- [TASK TO COMPLETE]: With the images removed, return every line below exactly as it reads.

- [DATASET SECTION]:
+++
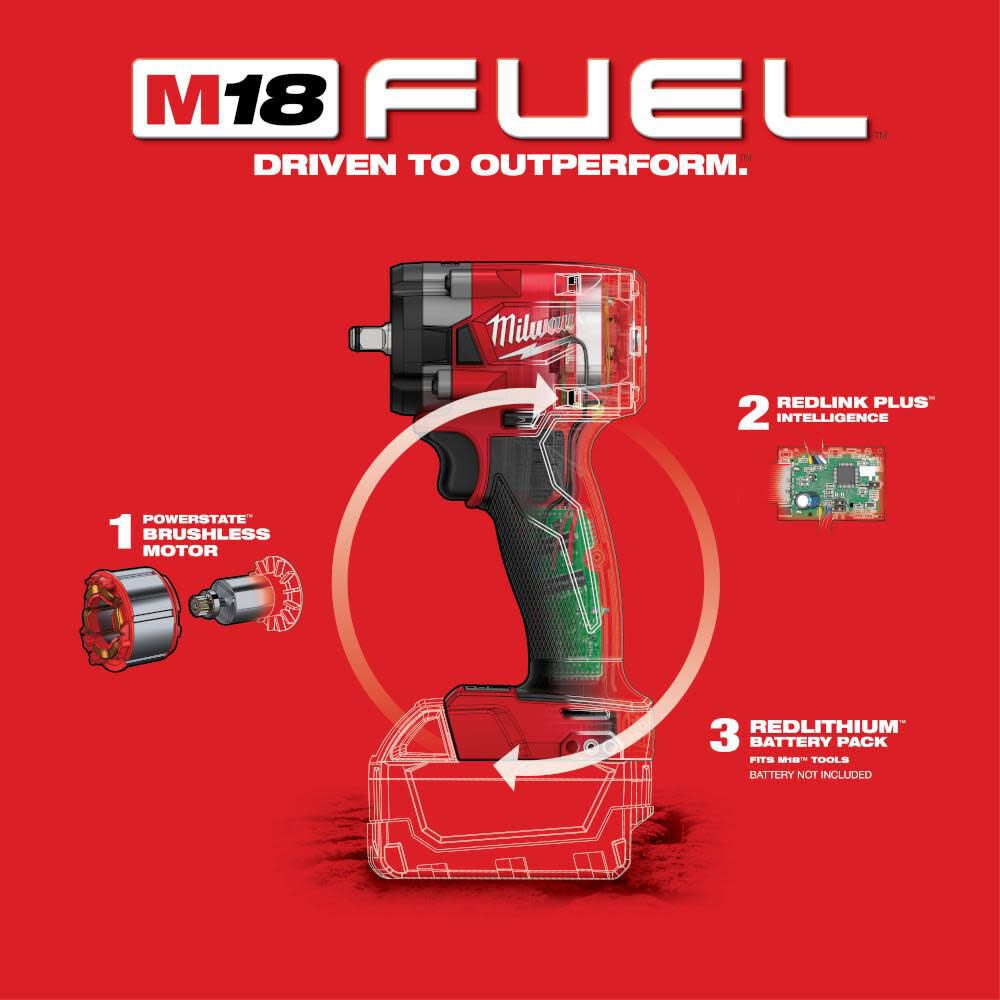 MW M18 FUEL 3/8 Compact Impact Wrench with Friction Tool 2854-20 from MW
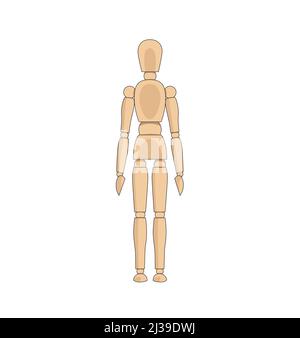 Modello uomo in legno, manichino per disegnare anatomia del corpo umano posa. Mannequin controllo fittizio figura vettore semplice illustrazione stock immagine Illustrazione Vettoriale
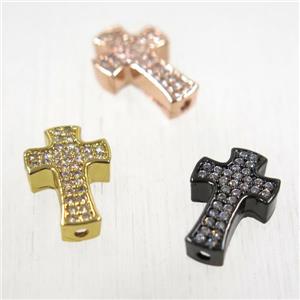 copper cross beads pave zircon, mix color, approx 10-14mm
+++
- [WORKED SOLUTION]:
 MW M18 FUEL 3/8 Compact Impact Wrench with Friction Tool 2854-20 from MW
 Modello uomo in legno, manichino per disegnare anatomia del corpo umano posa. Mannequin controllo fittizio figura vettore semplice illustrazione stock immagine Illustrazione Vettoriale
 copper cross beads pave zircon, mix color, approx 10-14mm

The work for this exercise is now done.